• REQUIREMENT
Make an exact copy of the records below, leaving every image out.

• Records from a data source
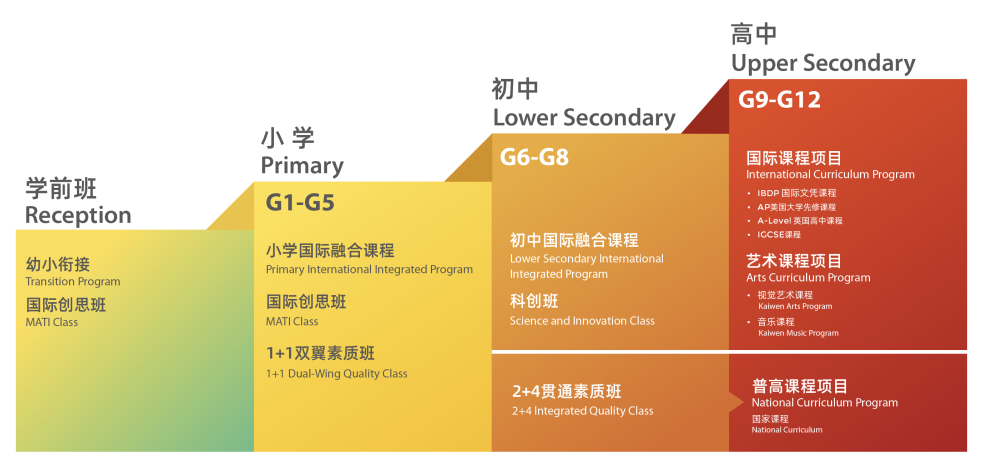 北京国际学校｜朝阳凯文学校
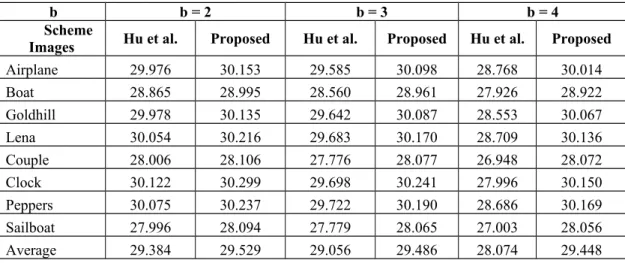 Table 4. Comparison of the image quality of our proposed scheme and Hu et al.’s scheme when n was 8.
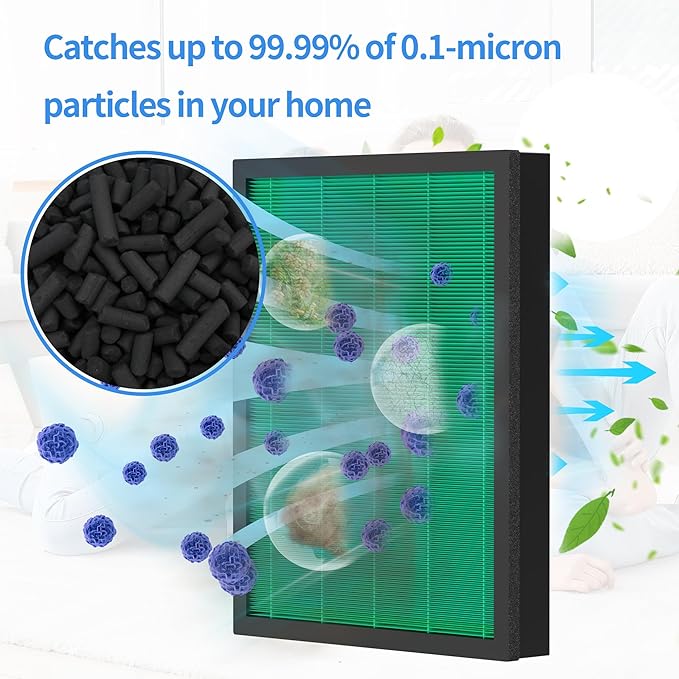 Replacement Filter 400/400S Fits for Coway AIRMEGA Max2 400 400S 400(G) 400S(G) Air Purifier, 2-in-1 Max2 Green True HEPA and Active Carbon Filter 2 Sets, AP-2015-FP 4 Pack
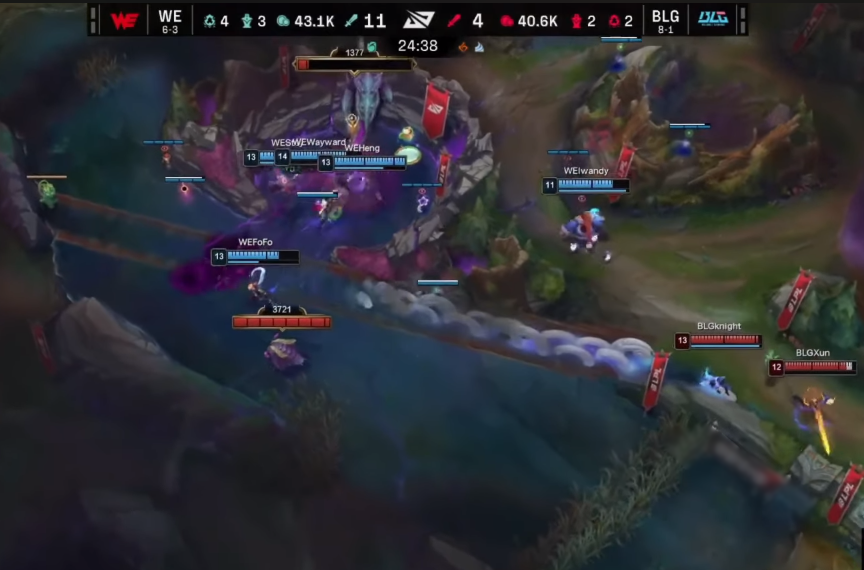 Leading LPL with a huge achievement, BLG still receives many 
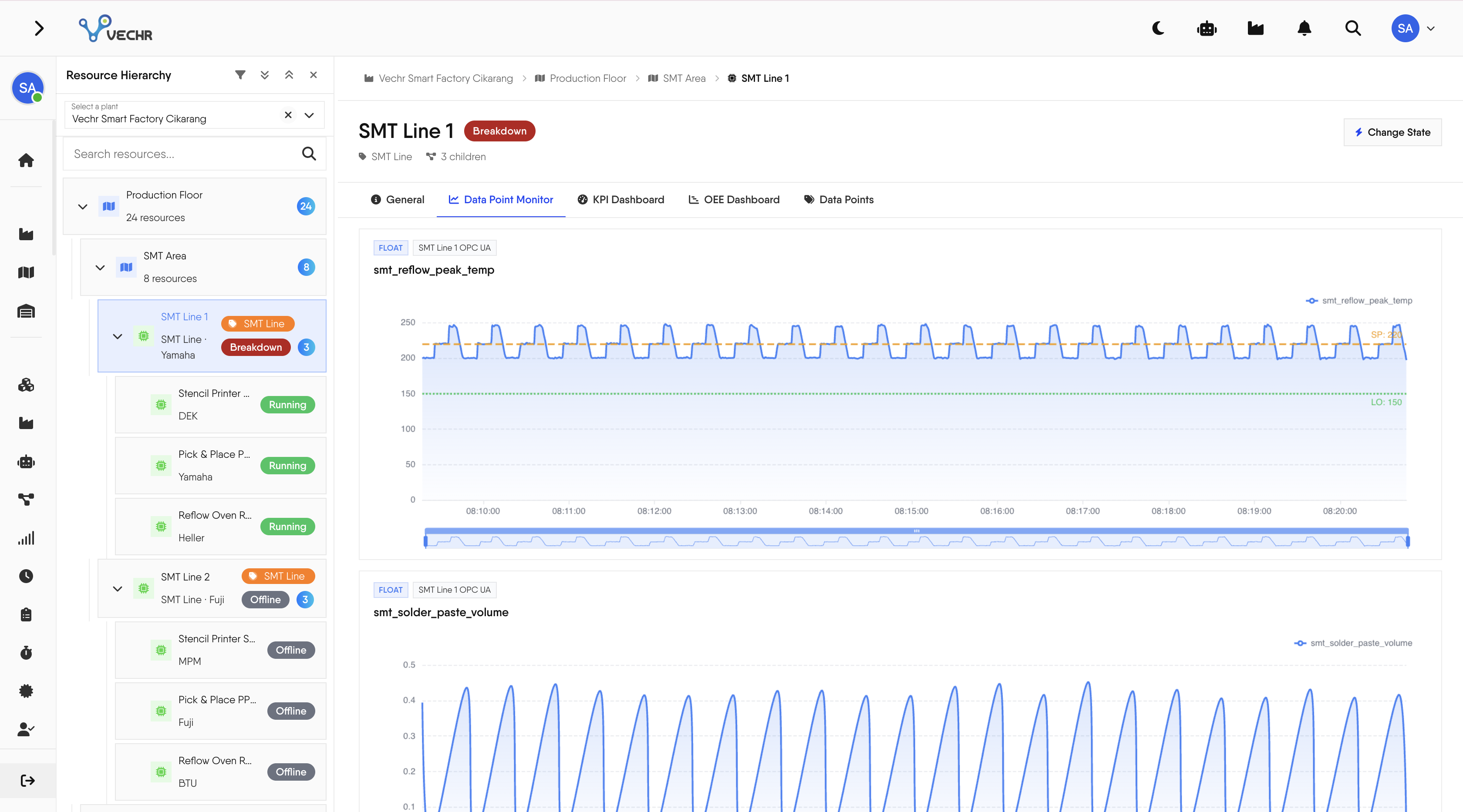 Resource hierarchy and live IIoT data point monitor for an SMT line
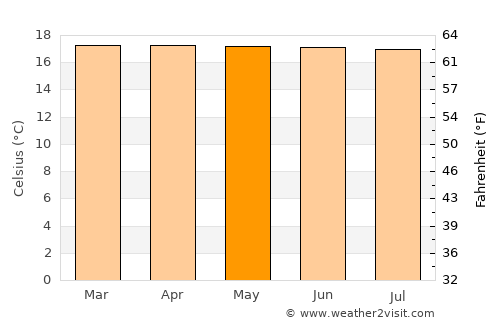 Buesaco average temperature in May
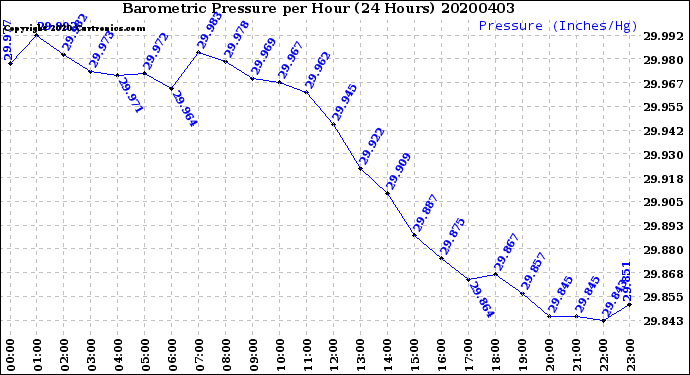 Milwaukee Weather Barometric Pressure<br>per Hour<br>(24 Hours)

• ANSWER BOX
 北京国际学校｜朝阳凯文学校
 Table 4. Comparison of the image quality of our proposed scheme and Hu et al.’s scheme when n was 8.
 Replacement Filter 400/400S Fits for Coway AIRMEGA Max2 400 400S 400(G) 400S(G) Air Purifier, 2-in-1 Max2 Green True HEPA and Active Carbon Filter 2 Sets, AP-2015-FP 4 Pack
 Leading LPL with a huge achievement, BLG still receives many 
 Resource hierarchy and live IIoT data point monitor for an SMT line
 Buesaco average temperature in May
 Milwaukee Weather Barometric Pressure<br>per Hour<br>(24 Hours)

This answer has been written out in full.